What You Need to Know About Paving in Cold Weather

Doug Enright 

If you’re driving down the road and hit a pothole, you’ll usually curse and pray that no damage has come to your car. Year after year, you might get frustrated as your city ignores potholes and cracks that could potentially be dangerous to drive on and cause damage to your vehicle. You may wonder why the city never does anything about them and how long can this keep going on before citizens take up arms and protect the city’s lacking empathy.

Here's What to Know About Paving in Cold Weather

However, in many places across the US, asphalt repairs and paving projects can’t take place during the winter. Why? Because it’s cold. Some forms of asphalt, many that have to do with the creation and upkeep of roads, can’t be mixed, set or sealed during winter because of the cold and snow. Certain types of asphalt, most notably the hot mix asphalt, can’t be set in winter because of the temperatures needed to set it properly.

If you live in an area that sees cold or snow, this is why winter can be one of the most frustrating times to drive locally. You’ll see parking lots, streets and driveways in dire need of replacement and repair. They get worse during the winter, especially as people have to drive over them to get to and fro. It may be frustrating, but there’s really nothing the city can do until the spring. That’s why when the weather warms up and the cold is behind a place, you’ll see asphalt companies just about everywhere.
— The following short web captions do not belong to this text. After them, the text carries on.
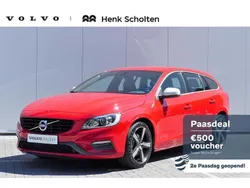 Gebruikt 2013 Volvo V60 Business Edition Stationwagen | € 17.950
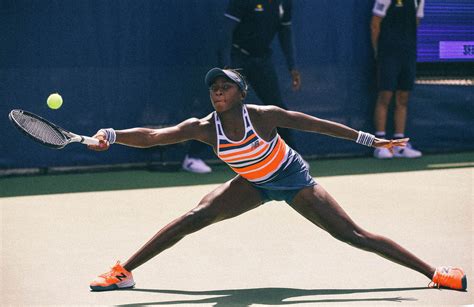 coco gauff new balance deal.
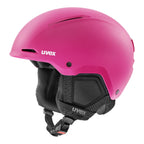 uvex minimo juicy pink matt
If you live in an area that’s prone to cold, snow and bad weather during winter, do what you can to avoid areas you know are damaged. This will save you time and frustration having to put your vehicle in the shop. Potholes can be especially damaging to cars, even causing accidents. If you can avoid them, do so at all costs. If you can’t, do your best to avoid them by turning to the side or switching lanes. Until the spring is here, the best you can do is avoid potholes and cracks in the asphalt roads you drive on every day.